Gone Wrong

My brilliant, beautiful, infallible friends have gotten it all wrong. You know, those people I turn to? They messed up. They disappointed me.

People will disappoint from time to time, the same way that I did today. I guess it looks like Karma.

I had to do a thing. A really big thing. Before I did the thing I was flooded with positive predictions: "You can totally do this!" "You'll be awesome!" was all I heard from everyone. I hated hearing it. It was totally useless. Who were these people to tell me something they couldn't possibly know? What good would such vacant expressions do me?

Well, it turns out, no good at all. They were wrong. I was not awesome. I did badly, as I always do. I don't even know that their mode of affirmation didn't do me harm by setting me up not only to disappoint myself and those involved, but to disappoint all the well-wishers too.

And now, when I'm in so much pain from my disappointment all I hear are people arguing that my experience is somehow wrong: that I couldn't possibly have done as badly as I say I did. Is it because they can't deal with the possibility that they were completely wrong?

I don't care. I don't care why they can't simply accept my account of what happened in my own life, as the only person of them there. I don't care why they don't believe the honest and well-meaning feedback I got. I don't care. But I know that it just makes me feel worse. I'm in so much pain right now. I feel like I've let down my committee (I know I did - they said so), and I disappointed myself. I feel small, pretentious, and incapable. And they're just adding "unreliable" on top of everything. "Don't believe Nancy" they're saying, "she doesn't tell the truth." As if other people's feelings are some kind of objective myth that if you ignore suddenly become not true.

So these things are going on my list of really not awesome things to say to people:

1) You'll do awesome!
Especially if I have no way of knowing whether it's actually true. And since I don't own a TARDIS, I will never make such ridiculous claims. If you want to hear how awesome you're going to be without evidence, just because you need blind faith, ask somebody else. If you want to hear how much I will love you whether you do well or badly, then ask me. If you want to know that it's going to be okay, either way, then ask me. If you want an eternal perspective on our successes and failures, I will dive into that conversation with my whole soul. But I will not tell you that your life is going to be peaches and cream. Because it's not. Because you will fail.

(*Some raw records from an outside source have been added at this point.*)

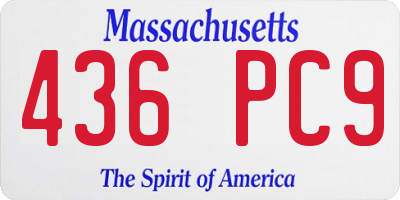 MA license plate 436PC9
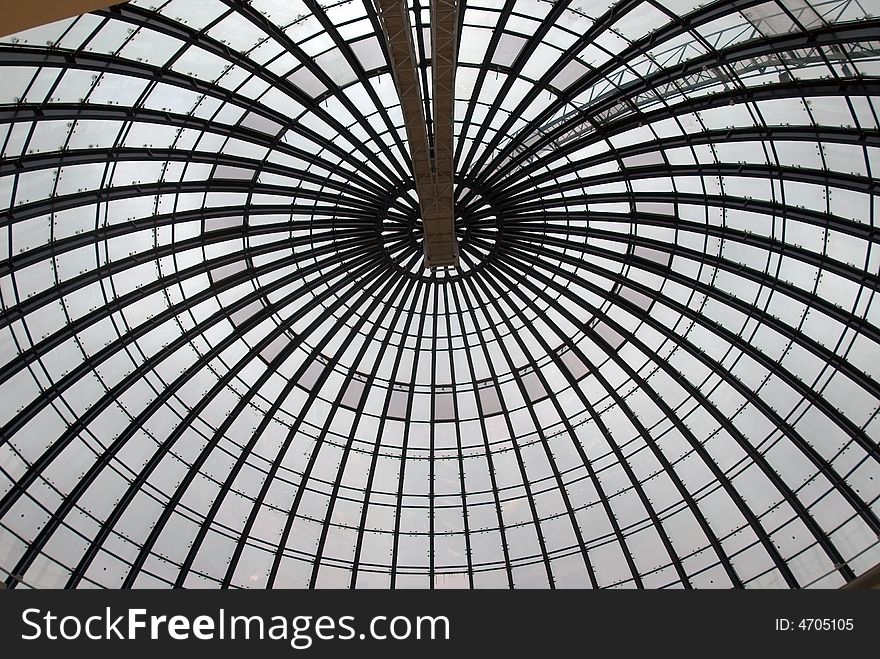 Round glass cupola from inside. Blue City shopping mall.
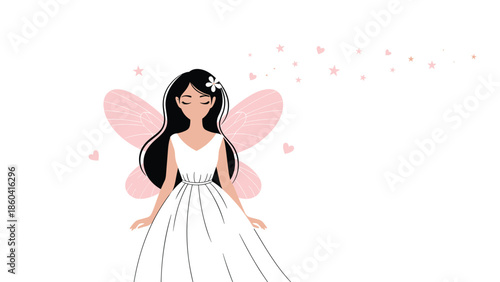 A beautiful and gentle illustration of a fairy with long black hair, pink wings, and a white dress, surrounded by tiny hearts.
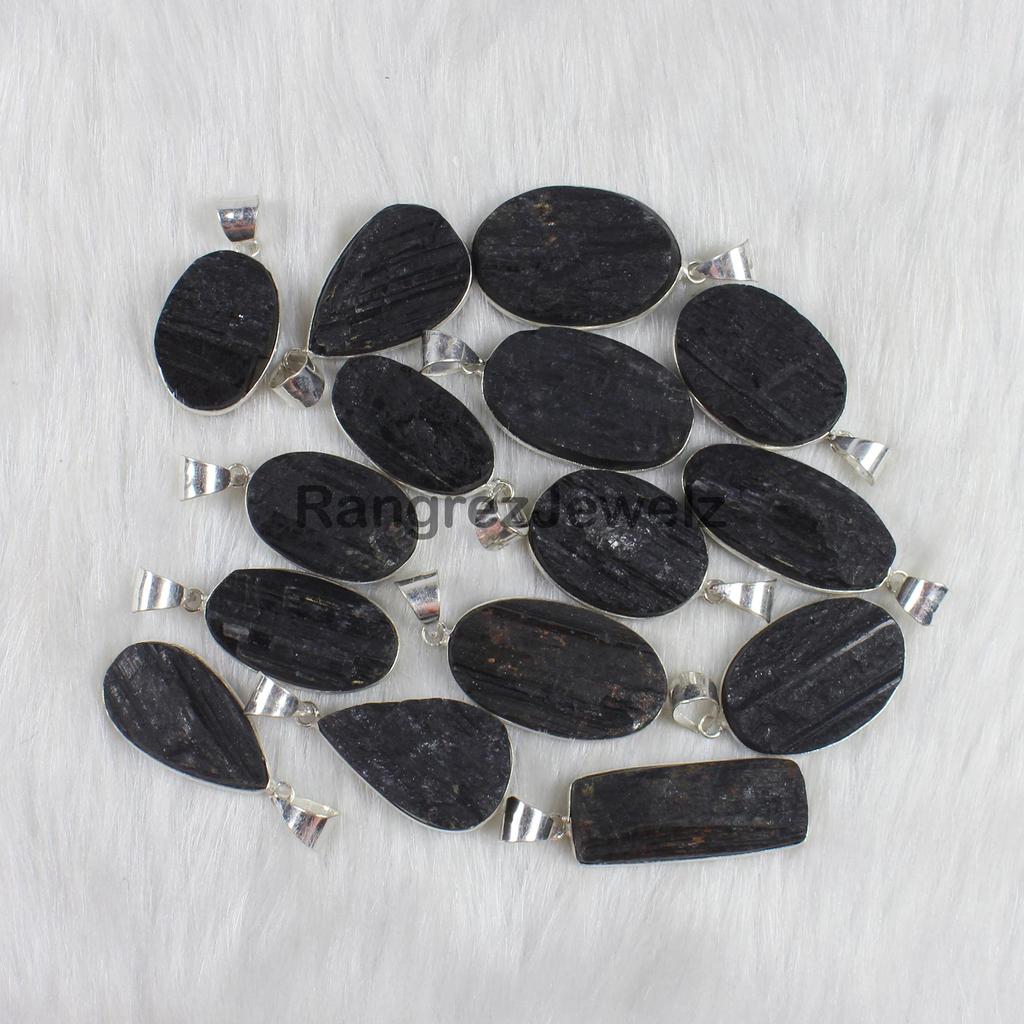 Black Tourmaline Druzy Gemstone Pendant Jewelry Making For Silver Jewelry Supply Healing crystal Bezel Pendant Necklace Gift For Her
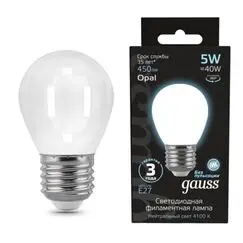 Светодиодная лампа Gauss Шар 5W 450Lm 4100K E27 105202205
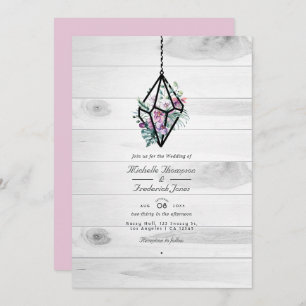 Invitación Terrario floral rústico QR Código Boda Jardín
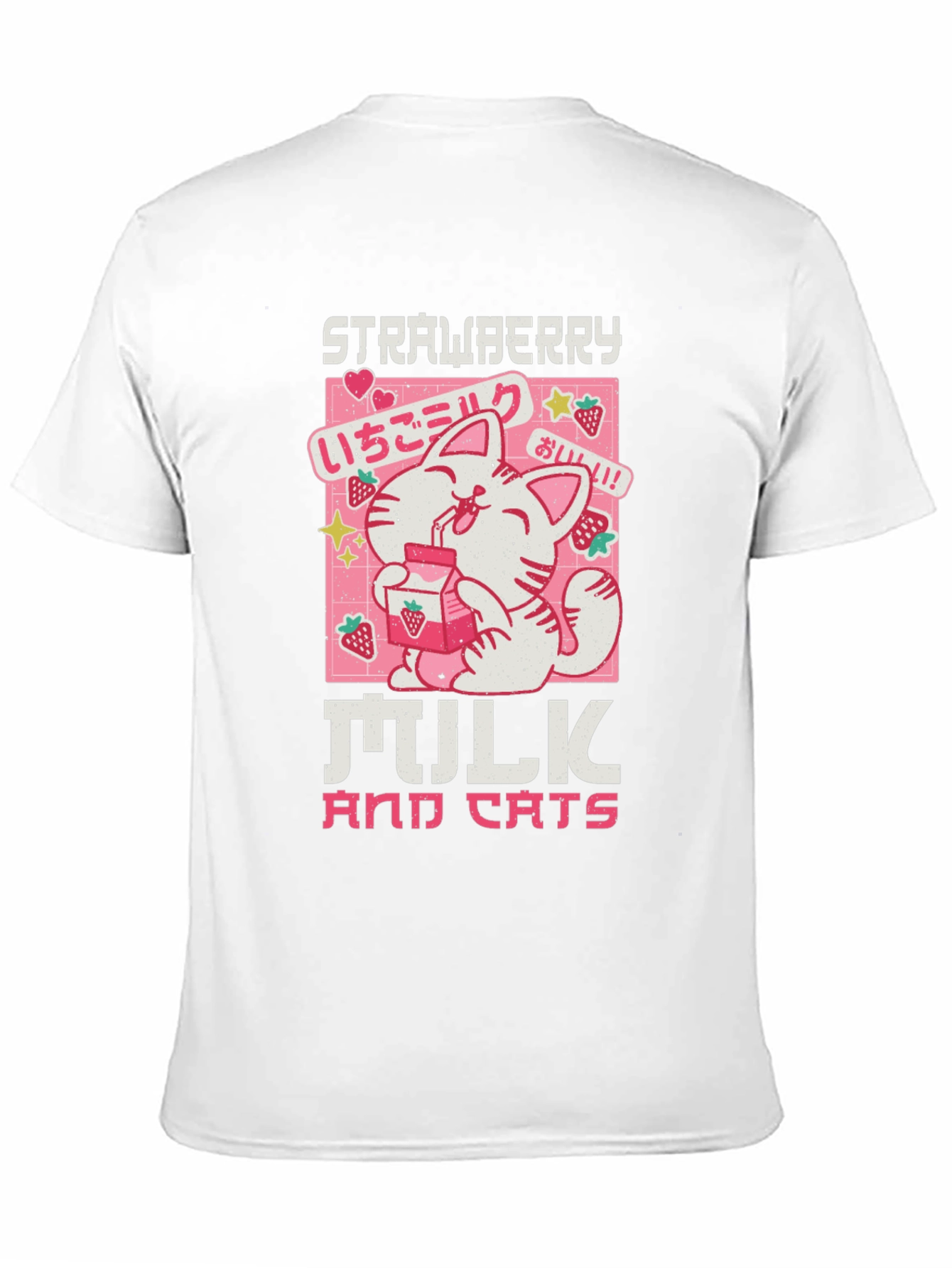 Strawberry Milk and Cats T-Shirt - Anime Kawaii Tee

And that's not only okay, but brilliant.

2) I know I wasn't there, but you were awesome!
Because "I heard you had to be picked up by paramedics ten meters into the marathon, but at least you crossed the finish line!" just doesn't really mean anything except ironically. I'm not an authority on anything I haven't experienced. If you say you sucked, then you sucked. But I love you, and those ten meters that you ran were lucky to feel your tread. On the other hand, if I was there and you ask, then I will tell you what I saw, regardless of your own experience.

Looking for someone to turn to when a thing goes horribly wrong, I see this: what I really need is self-sufficiency. I need the power to tell myself truths and be believed, because getting angry at all the kind and loving people who are just trying to help doesn't do anyone any good either.